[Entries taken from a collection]
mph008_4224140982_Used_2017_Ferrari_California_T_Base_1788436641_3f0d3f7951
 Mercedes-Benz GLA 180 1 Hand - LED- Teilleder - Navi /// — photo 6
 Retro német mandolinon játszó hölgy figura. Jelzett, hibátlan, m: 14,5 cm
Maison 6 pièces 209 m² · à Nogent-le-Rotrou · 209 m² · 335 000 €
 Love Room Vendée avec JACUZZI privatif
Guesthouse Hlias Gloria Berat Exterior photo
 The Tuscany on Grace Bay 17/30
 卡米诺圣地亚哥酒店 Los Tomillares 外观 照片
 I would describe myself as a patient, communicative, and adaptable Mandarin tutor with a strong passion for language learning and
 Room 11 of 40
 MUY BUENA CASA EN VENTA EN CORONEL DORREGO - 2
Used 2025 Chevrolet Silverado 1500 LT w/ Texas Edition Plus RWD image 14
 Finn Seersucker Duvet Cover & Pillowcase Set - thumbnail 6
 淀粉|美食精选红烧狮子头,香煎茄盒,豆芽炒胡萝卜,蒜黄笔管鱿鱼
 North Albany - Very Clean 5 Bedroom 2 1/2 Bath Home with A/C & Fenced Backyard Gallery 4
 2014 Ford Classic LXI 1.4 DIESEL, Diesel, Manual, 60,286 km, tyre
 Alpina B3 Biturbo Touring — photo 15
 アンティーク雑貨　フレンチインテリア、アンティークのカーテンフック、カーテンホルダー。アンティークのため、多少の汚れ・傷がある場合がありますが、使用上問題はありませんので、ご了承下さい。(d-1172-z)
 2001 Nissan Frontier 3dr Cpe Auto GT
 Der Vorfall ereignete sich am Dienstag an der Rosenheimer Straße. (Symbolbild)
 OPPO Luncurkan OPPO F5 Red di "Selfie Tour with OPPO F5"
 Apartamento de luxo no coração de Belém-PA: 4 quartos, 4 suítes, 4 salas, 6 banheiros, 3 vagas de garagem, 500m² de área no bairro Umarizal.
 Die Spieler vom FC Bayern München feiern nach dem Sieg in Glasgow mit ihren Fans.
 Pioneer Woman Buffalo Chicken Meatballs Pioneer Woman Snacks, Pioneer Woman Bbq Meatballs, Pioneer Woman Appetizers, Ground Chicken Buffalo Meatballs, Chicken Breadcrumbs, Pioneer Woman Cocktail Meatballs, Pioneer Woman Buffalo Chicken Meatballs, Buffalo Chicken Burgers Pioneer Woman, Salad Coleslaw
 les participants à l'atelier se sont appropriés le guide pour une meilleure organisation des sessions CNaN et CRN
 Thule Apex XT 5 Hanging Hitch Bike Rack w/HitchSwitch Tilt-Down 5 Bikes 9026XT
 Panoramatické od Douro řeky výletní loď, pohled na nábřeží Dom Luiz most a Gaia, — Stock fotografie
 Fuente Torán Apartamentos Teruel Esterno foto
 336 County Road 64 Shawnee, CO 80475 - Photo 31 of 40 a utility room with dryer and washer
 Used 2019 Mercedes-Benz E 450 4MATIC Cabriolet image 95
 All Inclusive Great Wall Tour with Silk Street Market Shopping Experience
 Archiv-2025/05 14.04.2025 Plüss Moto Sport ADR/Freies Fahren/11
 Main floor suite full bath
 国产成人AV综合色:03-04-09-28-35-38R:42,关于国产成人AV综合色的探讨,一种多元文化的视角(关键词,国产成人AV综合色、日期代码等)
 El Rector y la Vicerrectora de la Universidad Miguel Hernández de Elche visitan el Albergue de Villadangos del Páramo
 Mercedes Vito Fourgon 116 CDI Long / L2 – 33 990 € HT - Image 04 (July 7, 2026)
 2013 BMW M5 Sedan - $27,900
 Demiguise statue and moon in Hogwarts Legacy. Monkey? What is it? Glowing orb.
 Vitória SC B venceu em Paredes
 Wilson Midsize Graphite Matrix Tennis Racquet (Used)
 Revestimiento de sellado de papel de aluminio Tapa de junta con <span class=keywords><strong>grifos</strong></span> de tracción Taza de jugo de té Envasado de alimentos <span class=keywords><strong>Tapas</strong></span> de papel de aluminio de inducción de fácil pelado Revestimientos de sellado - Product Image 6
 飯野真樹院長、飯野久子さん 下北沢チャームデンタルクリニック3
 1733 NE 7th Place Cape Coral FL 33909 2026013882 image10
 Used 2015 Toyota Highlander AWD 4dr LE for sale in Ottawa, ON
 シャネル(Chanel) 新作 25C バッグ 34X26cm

[ASSIGNMENT]
Find and copy every line in the entries above where the string "strong" occurs.

[YOUR SOLUTION]
 I would describe myself as a patient, communicative, and adaptable Mandarin tutor with a strong passion for language learning and
 Revestimiento de sellado de papel de aluminio Tapa de junta con <span class=keywords><strong>grifos</strong></span> de tracción Taza de jugo de té Envasado de alimentos <span class=keywords><strong>Tapas</strong></span> de papel de aluminio de inducción de fácil pelado Revestimientos de sellado - Product Image 6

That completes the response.